Rating isn't terribly useful here, reflecting a 13-hour film in which I mostly love about seven hours but find the other six all but unwatchable. Indeed, Out 1 plays like a mashup of the Rivette films that bookend it, alternating between (and then eventually fusing) L'amour fou's exhaustive, nearly real-time portrait of theatrical rehearsal and the sinister-yet-playful dream logic of Céline and Julie Go Boating. Latter finally takes precedence, thankfully, but those first three episodes (which combined exceed the running time of 99.88% of the roughly 8400 features I've seen in my life*, even though they constitute less than half of Out 1!) very nearly sapped my will to live. For all I knew, it was gonna go on like that forever.

Bit of relevant personal background: I spent several years after high school doing semi-professional theater, took a bunch of acting classes both in and out of college, know that world quite well. And I have no quarrel with seeing it depicted onscreen in minute detail. My only complaint about the Topsy-Turvy sequence in which Gilbert drills three of his actors, line by line, methodically tweaking everything from posture to timing to his own script, is that it ends far too soon. But that's because it's exacting, which is what appeals to me about theater (and almost everything else, really). The touchy-feely, heavily improvisational "living theater" exercises that dominate Out 1, on the other hand, represent everything I despise about theater, both as an actor and as a spectator.
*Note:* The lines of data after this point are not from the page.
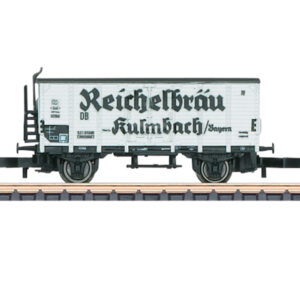 86396 Marklin Bierkühlwagen Reichelbräu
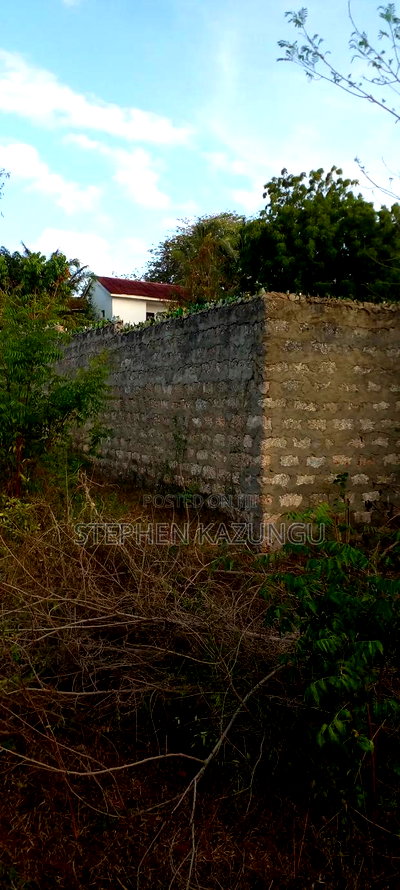 1/2 Acre Plot on Sale in Behind Sundowner Galu Beach - Image 3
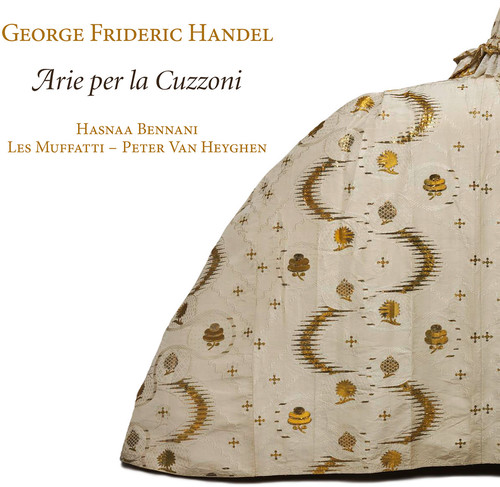 Handel: Arie Per la Cuzzoni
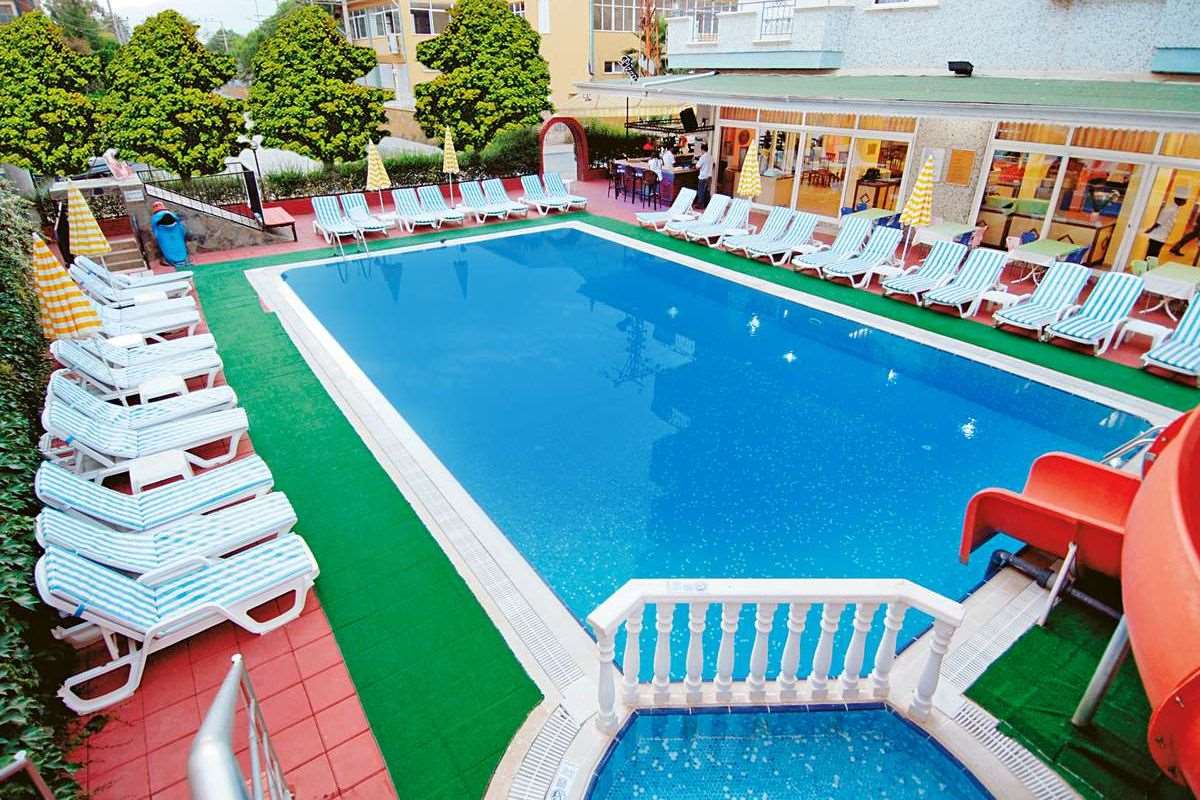 Alanya Risus Park Hotel 2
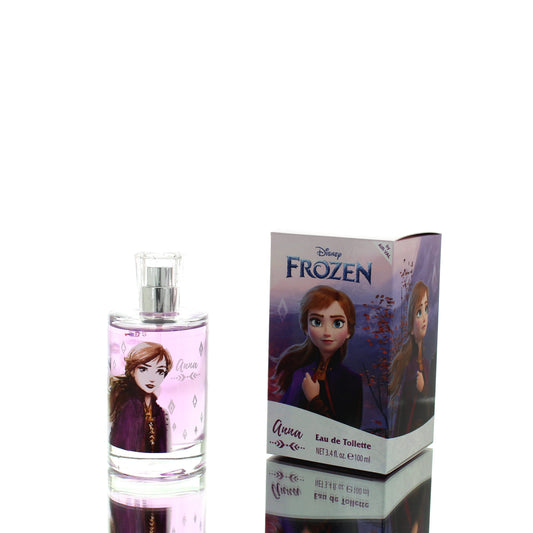 Disney Frozen Frozen Anna For Girls Eau De Toilette Perfume Boxed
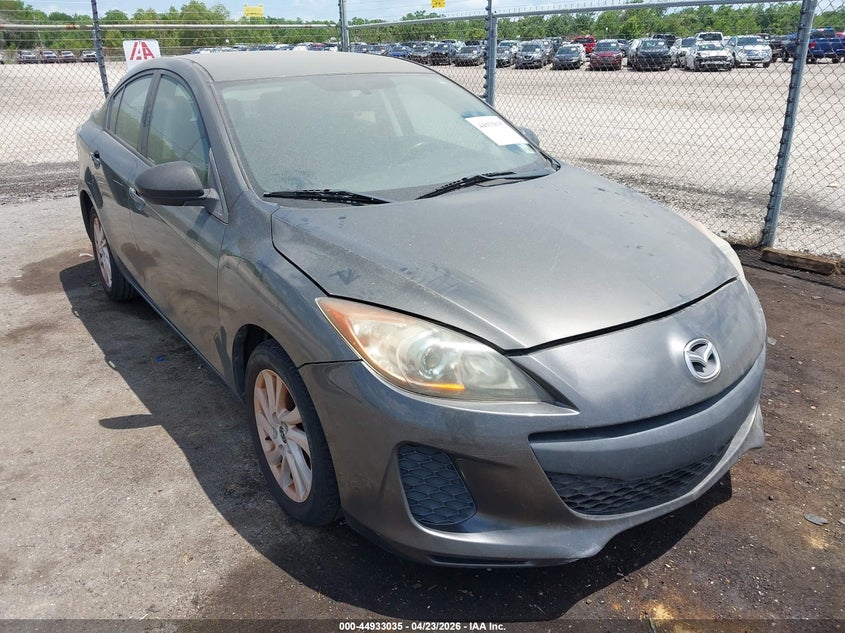 2013 Mazda Mazda3 I Touring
An epic documentary about this approach to performance is pretty close to the last thing I would ever care to endure, and that's exactly what gigantic chunks of this film essentially are. Clearly, many people find this stuff fascinating. For me, watching Lonsdale and his crew flail around for something like 40 uninterrupted minutes, directing group energy into various pre-verbal channels, looking for all the world as if they're collectively auditioning three years late to play the apes in 2001's prologue, is sheer torture. Thebes troupe inspired a bit less agony than the Prometheus troupe, mostly because I like that bit of bongo-drum music they warm up to (which doubles as the film's theme song). But every time Rivette returns to either one—and, again, that's most of the initial five freakin' hours—cut to me sinking disconsolately into my chair. I became a cinephile in part to escape these fucking people!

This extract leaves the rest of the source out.